(PROVIDED DATA):

★ ★ ★ ★ ★

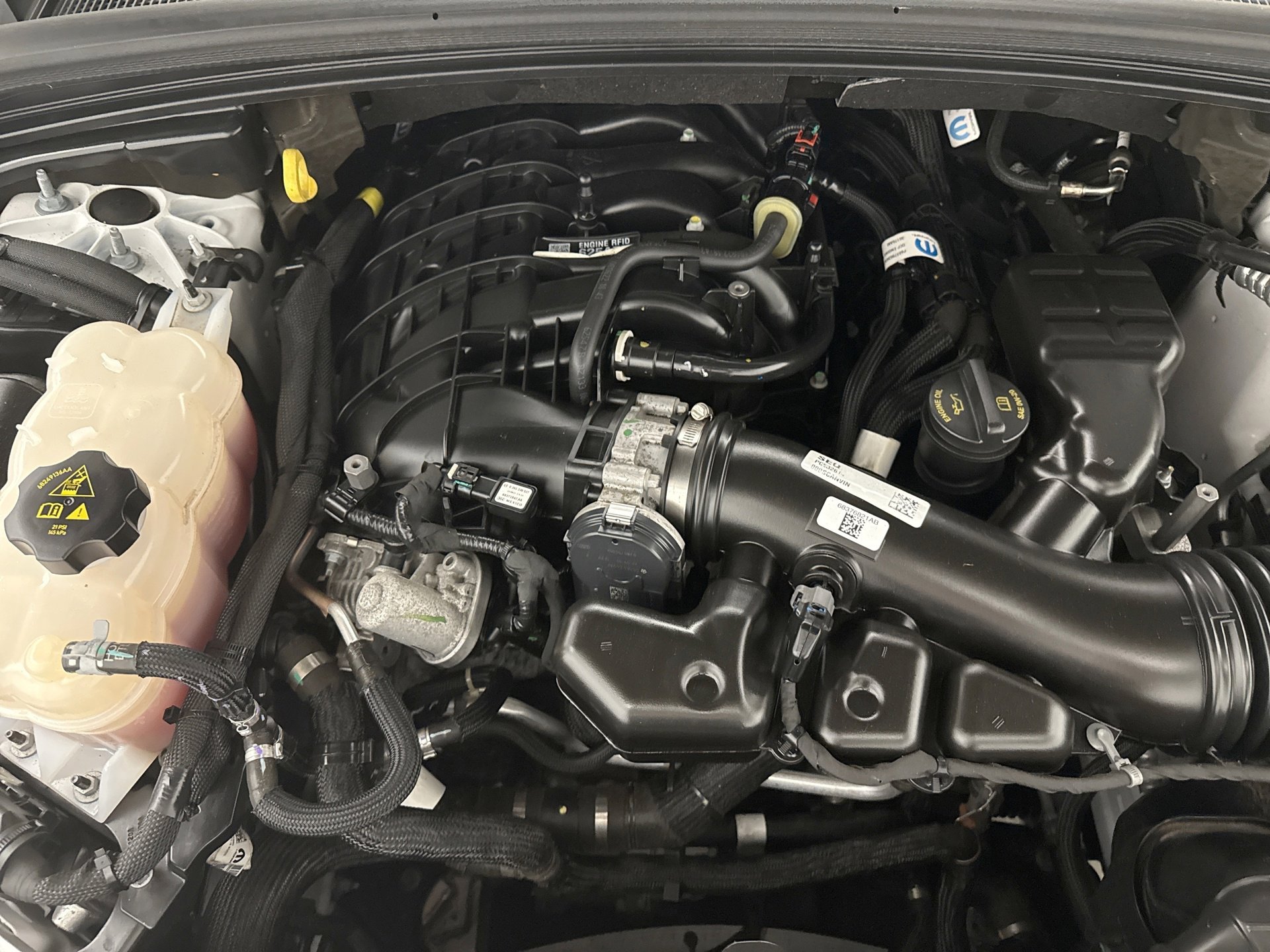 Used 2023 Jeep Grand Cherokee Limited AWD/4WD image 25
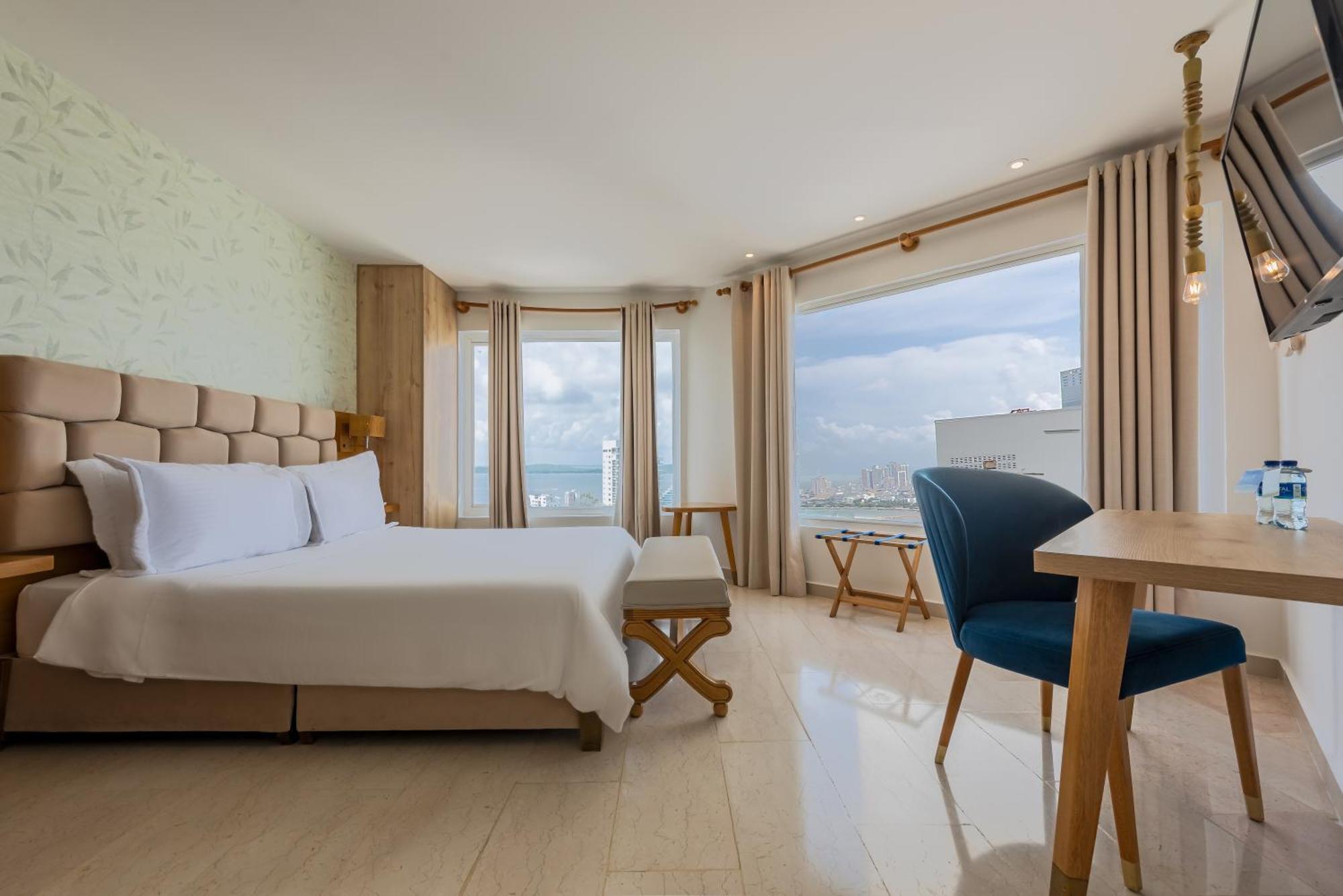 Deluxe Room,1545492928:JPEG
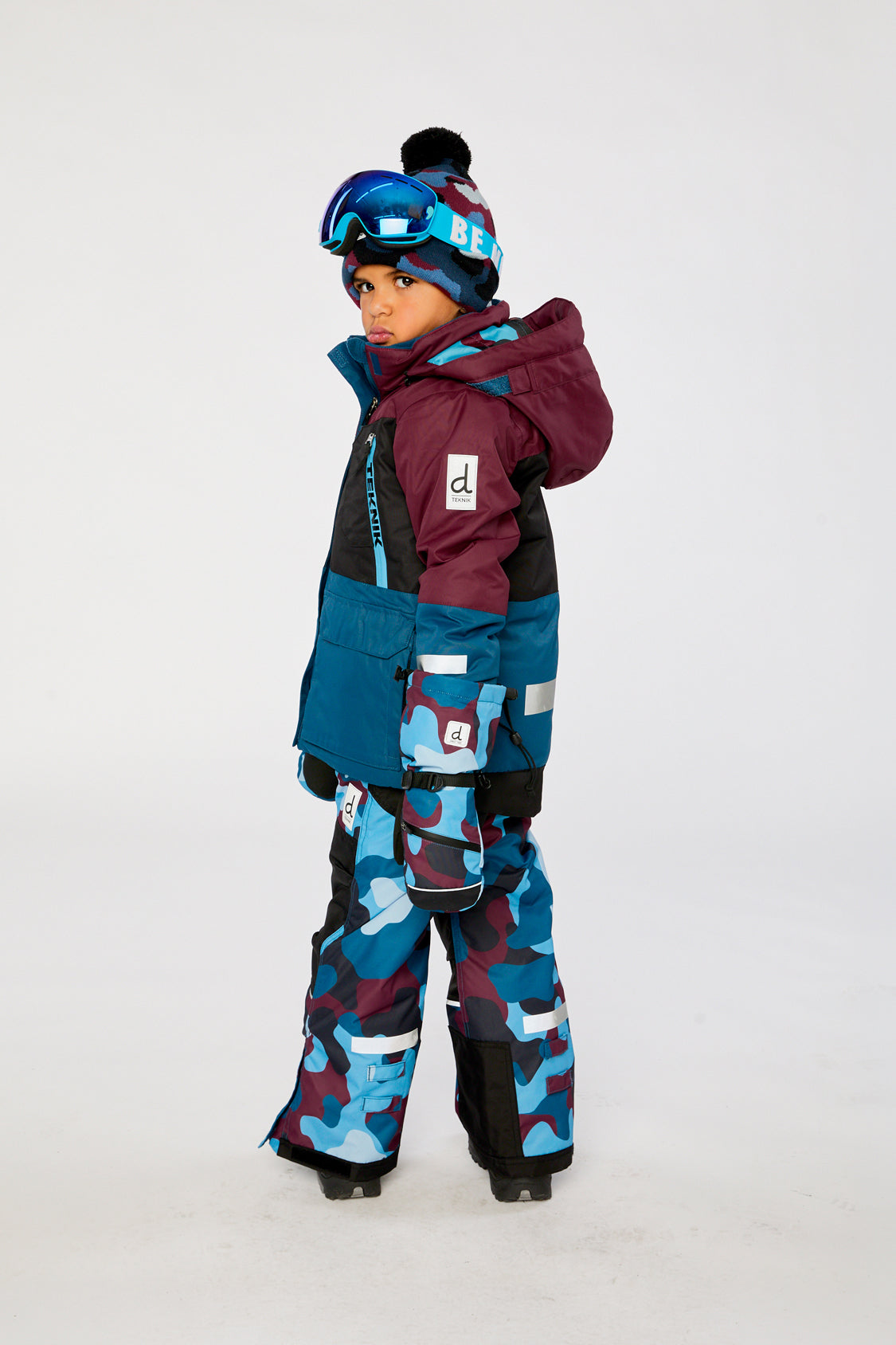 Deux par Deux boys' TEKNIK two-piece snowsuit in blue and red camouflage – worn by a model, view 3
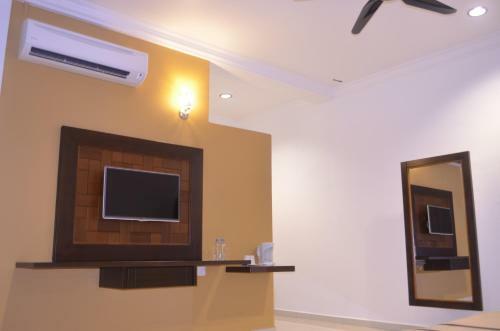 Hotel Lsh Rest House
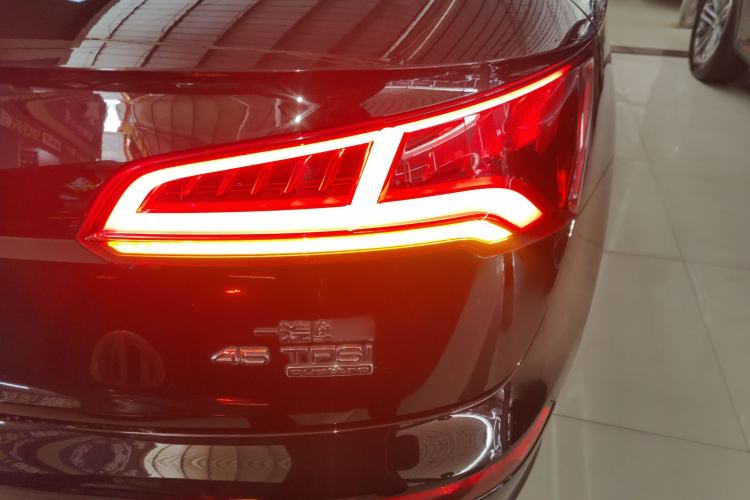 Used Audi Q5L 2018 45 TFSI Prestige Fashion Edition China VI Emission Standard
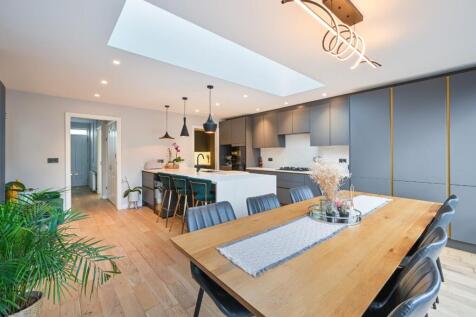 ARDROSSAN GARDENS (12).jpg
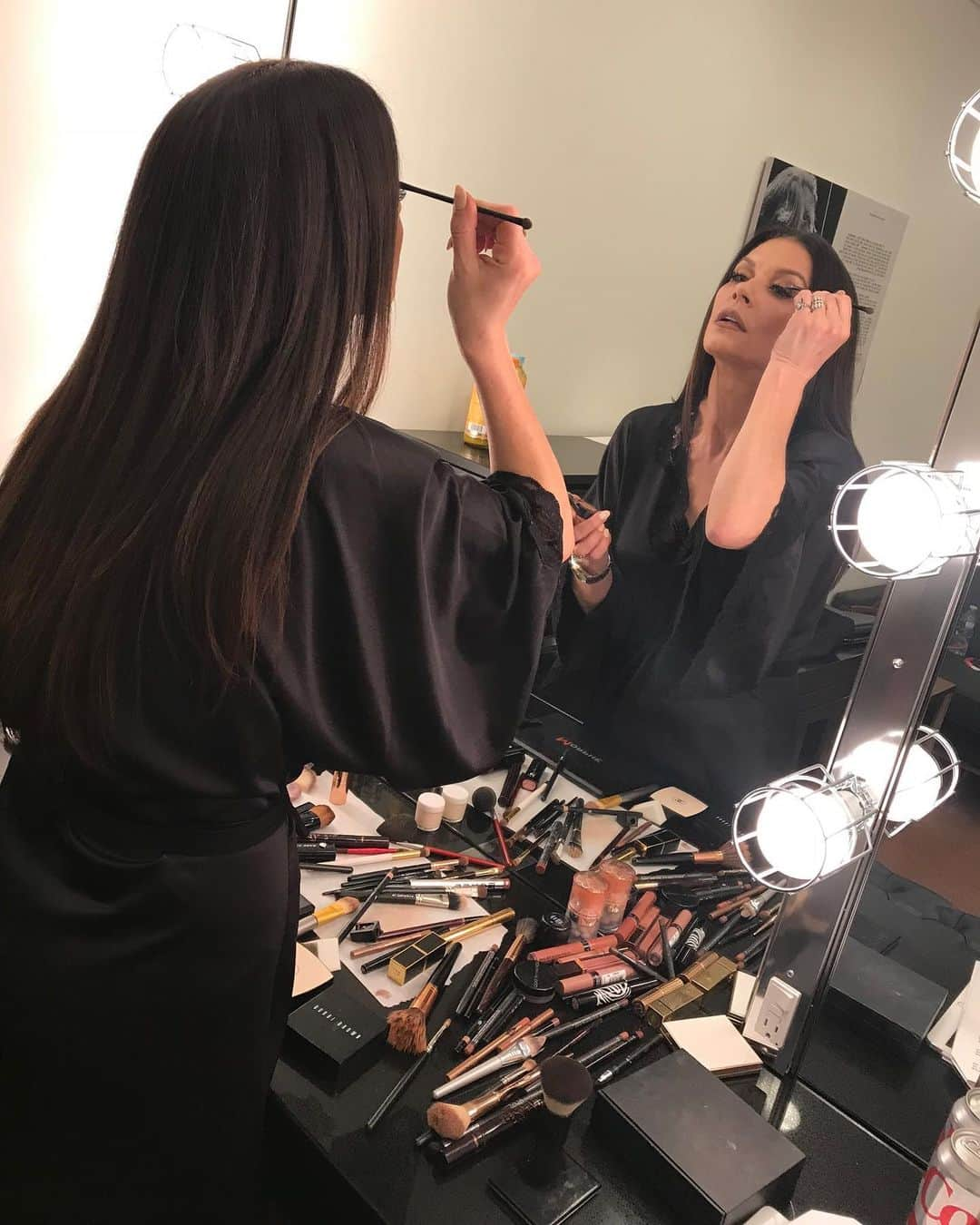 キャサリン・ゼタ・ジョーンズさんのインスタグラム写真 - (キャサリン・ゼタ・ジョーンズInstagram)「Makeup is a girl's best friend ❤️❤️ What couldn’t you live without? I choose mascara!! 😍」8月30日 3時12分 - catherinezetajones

★ ★ ★ ★ ★

Repeat the lines of the records verbatim, starting at the line containing "Hotel Lsh Rest House" and stopping after the final line. Images stay out.

 Hotel Lsh Rest House
 Used Audi Q5L 2018 45 TFSI Prestige Fashion Edition China VI Emission Standard
 ARDROSSAN GARDENS (12).jpg
 キャサリン・ゼタ・ジョーンズさんのインスタグラム写真 - (キャサリン・ゼタ・ジョーンズInstagram)「Makeup is a girl's best friend ❤️❤️ What couldn’t you live without? I choose mascara!! 😍」8月30日 3時12分 - catherinezetajones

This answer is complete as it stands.